What public health strategies are you hoping to see from the CDC to manage COVID-19 in the next few months?

McDaniels-Davidson: I'd love to see a recommendation that everybody has to test to exit isolation. I think that that is one of the most basic things that we can do. We can provide rapid tests to folks so that they can test negative twice before they exit isolation and go back out into the world.

We can work on improving our indoor air quality. We can work on ventilation and until we get ventilation improved, we can work on air filtration. These are simple things. Well, some of them are simple. Ventilation takes a lot more time and engineering efforts, but I think it is possible.

We had the rapid acceleration of diagnostics that we did at the beginning of the pandemic, but still ongoing, where we developed tests, we developed all kinds of things and we can use that to actually improve our indoor air quality and to have a rapid acceleration of indoor air quality. We can also put in place some on ramps based on transmission that we see in wastewater. We have a lot of waste water testing. We should be using that to think about what added protections we need to add to protect those who are less vulnerable to this disease.

This is a question for all of you when it comes to testing and masking.

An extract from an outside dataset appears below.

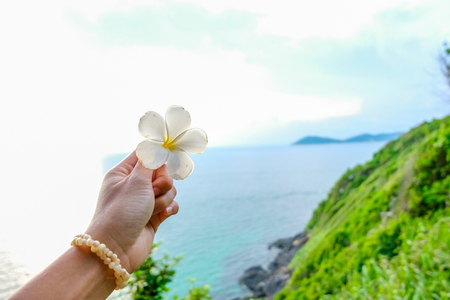 A white Plumeria on hand young women with sea horizon with rocky shore cliffs and sunset background.の写真素材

Do you think our approach to those things should change, should be different now that these variants are different?

Topol: Well, I think there's no reason to abandon these things. These are really helpful. As just outlined, rapid testing. We have a CDC that tells us five days is good enough without the need for rapid testing, which is totally wrong. Rapid test should be done, as already mentioned, and they're very helpful. And the average time we just published yesterday for these people to not be infectious is between 10 and 14 days.

So what we've done in this country is actually promoted, spread by having non data driven practices supported by our public health agency. But yes, the masks are really still important, high quality masks when indoors are really important.

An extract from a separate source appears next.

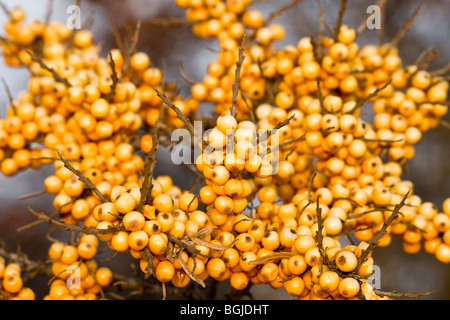 Or l'hiver, American Winterberry Banque D'Images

Fielding-Miller: I have to second that. I think that it's really interesting, this narrative of sanitizing and hand washing caught on very early. Which you should wash your hands, don't get me wrong, but this narrative caught on very early and it's stuck in people's minds. And I think the narrative of it's airborne, you have to clean the air, you have to wear a mask. Your quality of mask is really important. For some reason that has not had the same hook.

But masking is one of the best things that you can do in the absence of all other structural things to protect yourself in the moment. And it's one of the best ways that you can demonstrate community care and make sure that other people around you are safe.

And I think that we need to be very clear that those fabric masks that we were all using early on, they were a great stop gap, but that is not what we need to be using right now. Everybody needs access to high-quality, well-fitting masks that don't gap. We need masks that fit children well that are accessible. It's actually really hard to find a mask that fits a tiny face.

But masking and really widespread use of antigen testing are some of the most powerful tools that an individual can use to protect themselves or to protect a party or a conference or any other time they want to get together with their friends.

Is there anything else anyone would like to add?

Topol: It's just been great to have a chance to participate in this discussion with Rebecca and Corinne and you, Jade. I think it's not the happy talk that people are hearing, but it's the real stuff. And hopefully, eventually this will pass. Eventually we'll get to a very good point in this whole ordeal, but unfortunately, we're not quite there yet.